Consider, for example, that a similarity between the input speech data 510 whose time length is one minute and the speech model whose time length is one minute is calculated. In this case, the number of frames from the input speech data 510 and the speech model may be approximately 6000 if one frame is assumed to be 10 milliseconds. Hence, the number of combinations for calculating the similarity may be on the order of the 4th power of 6000, that is, on the order of 1,300,000,000. It may be difficult for the speech data processing device 5 to complete the calculation for that number of combinations within a realistic time range.
In the case of calculating a similarity between segments having values of various time lengths, segments supposed to have a low similarity therebetween sometimes may exhibit a high similarity by accident. In some instances, if noise is superimposed on the speech data, or if the time length of the data is short, such a phenomenon may frequently occur. Hence, if such a phenomenon frequently occurs, accuracy of the similarity calculated by the speech data processing device 5 may become deteriorated.
Exemplary embodiments of the present disclosure may solve one or more of the above-noted problems. For example, the exemplary embodiments may provide a technique for calculating similarities among a plurality of speech data efficiently with high accuracy.

SUMMARY OF THE DISCLOSURE

According to a first aspect of the present disclosure, a speech processing device is disclosed. The speech processing device may include a memory storing instructions, and at least one processor configured to process the instructions to: divide a first speech data into first segments based on a data structure of the first speech data, classify the first segments into first clusters through clustering, generate a first segment speech model for each of the first clusters, and calculate a similarity between the first segment speech models and a second speech data.
An information processing method according to another aspect of the present disclosure may include dividing first speech data into first segments based on a data structure of the first speech data, classifying the first segments into first clusters through clustering, generating a first segment speech model for each of the first clusters, and calculating a similarity between the first segment speech models and second speech data.
A non-transitory computer-readable storage medium may store instructions that when executed by a computer enable the computer to implement a method.
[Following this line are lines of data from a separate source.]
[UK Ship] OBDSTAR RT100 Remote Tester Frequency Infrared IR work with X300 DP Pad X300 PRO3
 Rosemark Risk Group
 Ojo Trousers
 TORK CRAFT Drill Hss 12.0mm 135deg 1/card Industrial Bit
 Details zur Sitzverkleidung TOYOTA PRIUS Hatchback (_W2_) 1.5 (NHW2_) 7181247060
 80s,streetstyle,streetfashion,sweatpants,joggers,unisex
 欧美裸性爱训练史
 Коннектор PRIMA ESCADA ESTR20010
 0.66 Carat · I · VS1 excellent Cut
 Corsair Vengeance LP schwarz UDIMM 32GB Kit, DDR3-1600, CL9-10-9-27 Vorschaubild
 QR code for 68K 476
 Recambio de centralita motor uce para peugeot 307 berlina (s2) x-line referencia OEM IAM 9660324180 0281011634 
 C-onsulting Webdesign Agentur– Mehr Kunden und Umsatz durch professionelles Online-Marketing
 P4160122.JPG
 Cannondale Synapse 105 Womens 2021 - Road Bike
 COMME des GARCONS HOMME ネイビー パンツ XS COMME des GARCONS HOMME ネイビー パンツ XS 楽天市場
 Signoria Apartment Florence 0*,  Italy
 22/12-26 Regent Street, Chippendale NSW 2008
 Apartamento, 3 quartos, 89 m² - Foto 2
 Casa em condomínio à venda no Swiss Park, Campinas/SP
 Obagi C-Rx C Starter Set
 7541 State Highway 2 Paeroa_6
The method may include dividing first speech data into first segments based on a data structure of the first speech data, classifying the first segments into first clusters through clustering, generating a first segment speech model for each of the first clusters, and calculating a similarity between the first segment speech models and second speech data.

BRIEF DESCRIPTION OF THE DRAWINGS

FIG. 1 is a block diagram illustrating a configuration of a speech data processing device according to a first exemplary embodiment;

FIG. 2 is a flowchart depicting operation of the speech data processing device according to the first exemplary embodiment;

FIG. 3 is a block diagram illustrating a configuration of a speech data processing device according to a second exemplary embodiment;

FIG. 4 is a block diagram illustrating a configuration of a speech data processing device according to a third exemplary embodiment;

FIG. 5 is a block diagram illustrating a configuration of a speech data processing device according to a fourth exemplary embodiment;

FIG. 6 is a block diagram illustrating a configuration of an information processing device capable of executing the speech data processing device according to each exemplary embodiment; and

FIG. 7 is a block diagram illustrating a configuration of a related art speech data processing device.

DETAILED DESCRIPTION

In the following detailed description numerous specific details are set forth in order to provide a thorough understanding of the disclosed embodiments. It will be apparent, however, that one or more embodiments may be practiced without these specific details. In other instances, well-known structures and devices are schematically illustrated in order to simplify the drawings.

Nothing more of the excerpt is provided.